> [INPUT FOR THIS TASK]
Start of Block

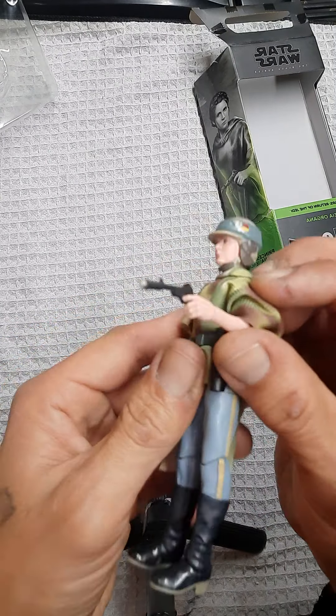She does have a ball joint hip and a single joint at the knee. Awesome figure. The poncho is really nice. The hood isn't functional — it's just sort of sewn on there. I highly recommend picking this up. I'm going to display mine on the 6-inch speeder bike.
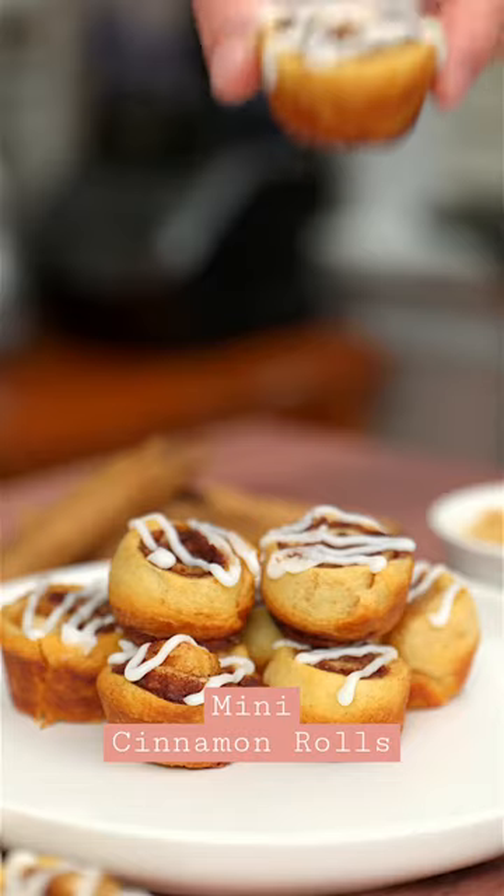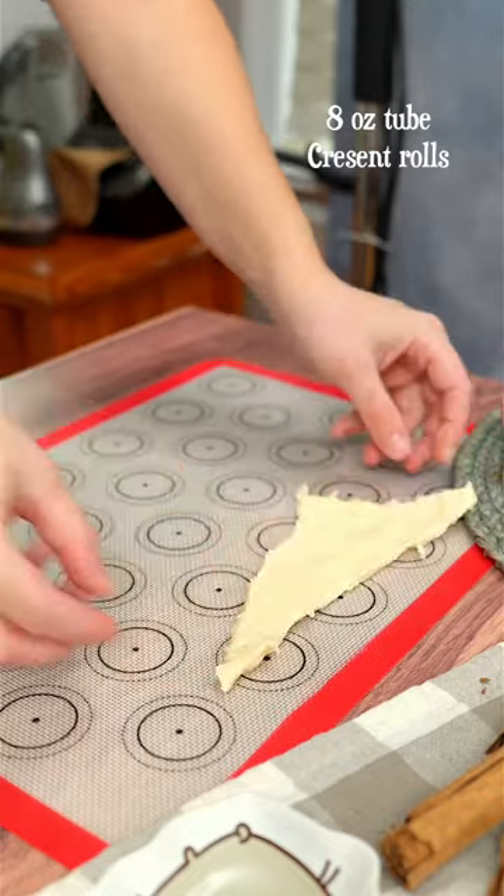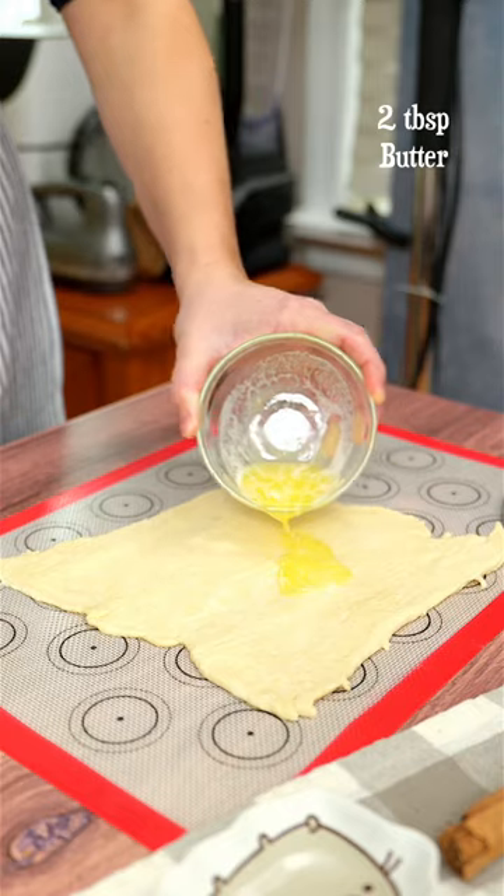Let me show you how to make mini cinnamon rolls in less than 10 minutes. All you need is a tube of crescent rolls. Start by combining the dough pieces and pinch them together, then use a rolling pin and roll them out.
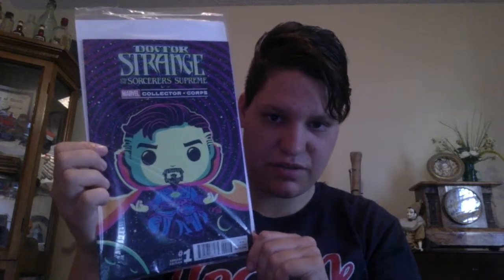And then we have the comic. Oh, that is really cool! I love the colors on that. Dr. Strange and the Sorcerer Supreme, Variant Edition number one. That is really cool. I love the artwork on that, and the colors are really cool — the neon colors in that.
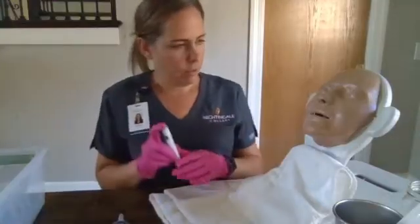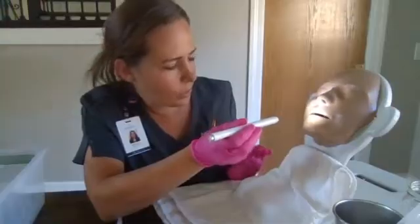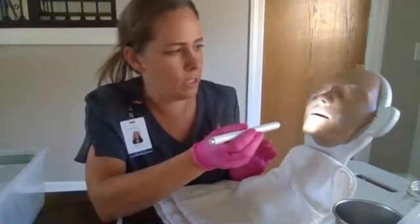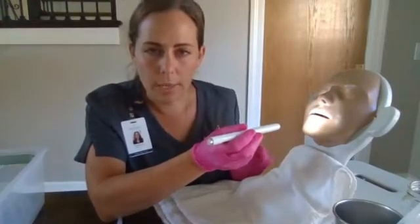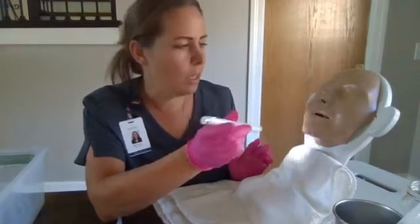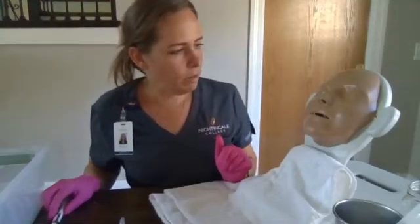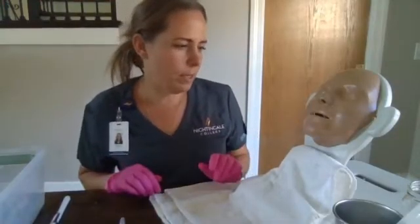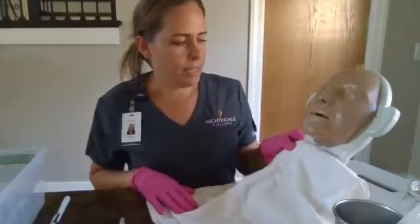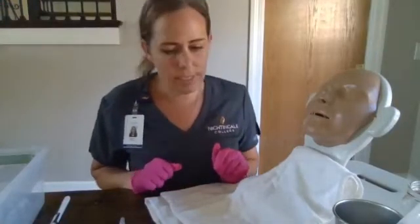Mr. Smith, will you look up? We're going to inspect the nares. We're looking for any obstructions, deformities, looking at the membranes for any redness, swelling, or abrasions. Mr. Smith, will you cover one nostril and take a deep breath in and out? Cover the other nostril, take a deep breath in and out. It sounds like that left nostril has better airflow, so we're going to use that side today.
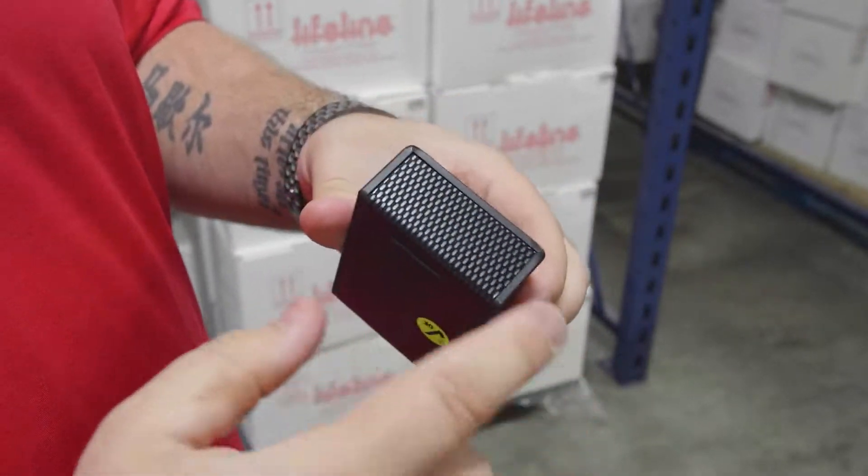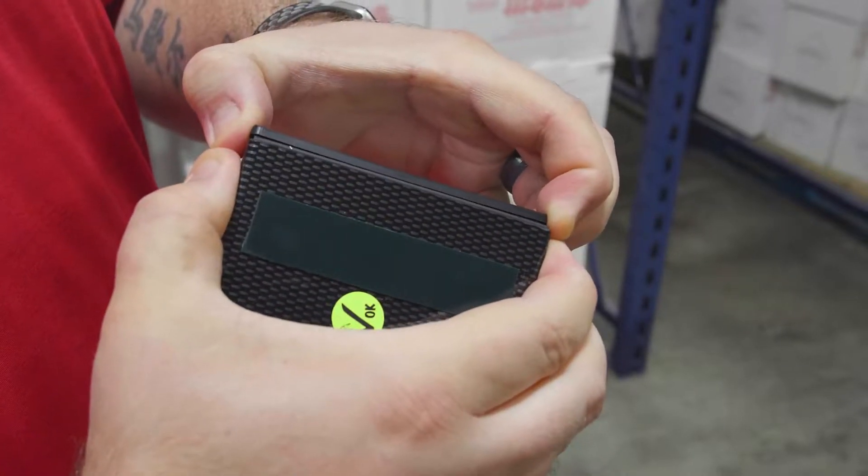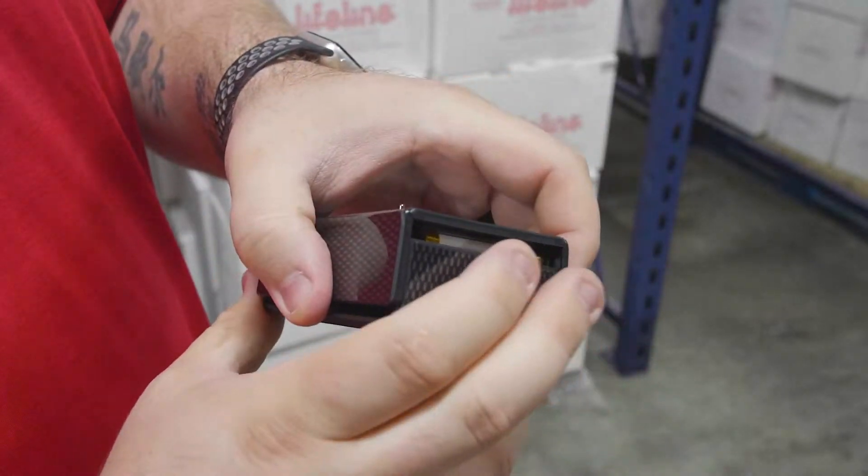All right, so the first thing you're going to want to do is locate your seam around the edge. You'll pull that out, flip it around, pull, separate.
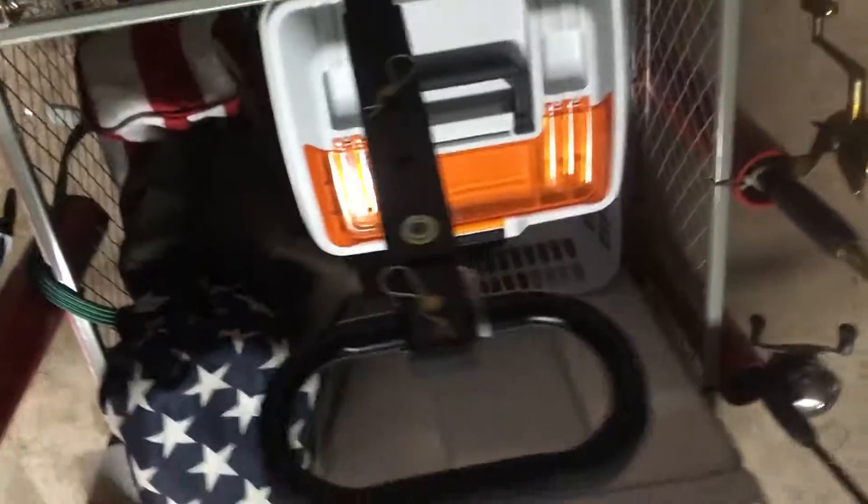I'm actually going to use this for freshwater too — pull it down to the creek. I've got everything I need with me: my chairs, my cooler, tackle box, everything. Got my beer — excuse me, I mean my Pepsis. Alright guys, you all have a great night or great day or whatever it is!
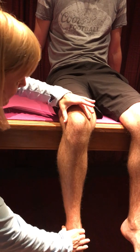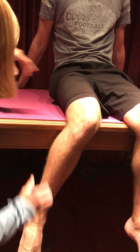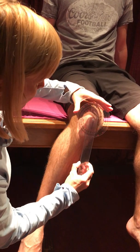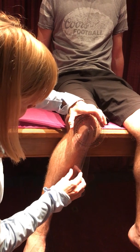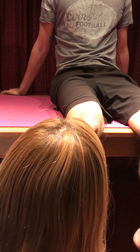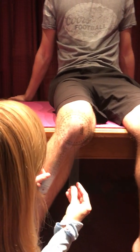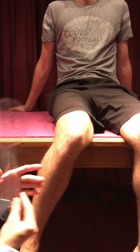We have the person move into internal rotation. Hold that there. It's better if you have a goniometer with a plumb line so you can make sure you're hanging down straight. Assuming that's fairly straight down, we have 25 degrees of internal rotation.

End of Block

> [PROBLEM TO SOLVE]
Skip every picture, and restate word for word only the lines above from the line containing "All right, so" to the line containing "I'm actually going", both of them included.

> [ANSWER TO THIS TASK]
All right, so the first thing you're going to want to do is locate your seam around the edge. You'll pull that out, flip it around, pull, separate.
I'm actually going to use this for freshwater too — pull it down to the creek. I've got everything I need with me: my chairs, my cooler, tackle box, everything. Got my beer — excuse me, I mean my Pepsis. Alright guys, you all have a great night or great day or whatever it is!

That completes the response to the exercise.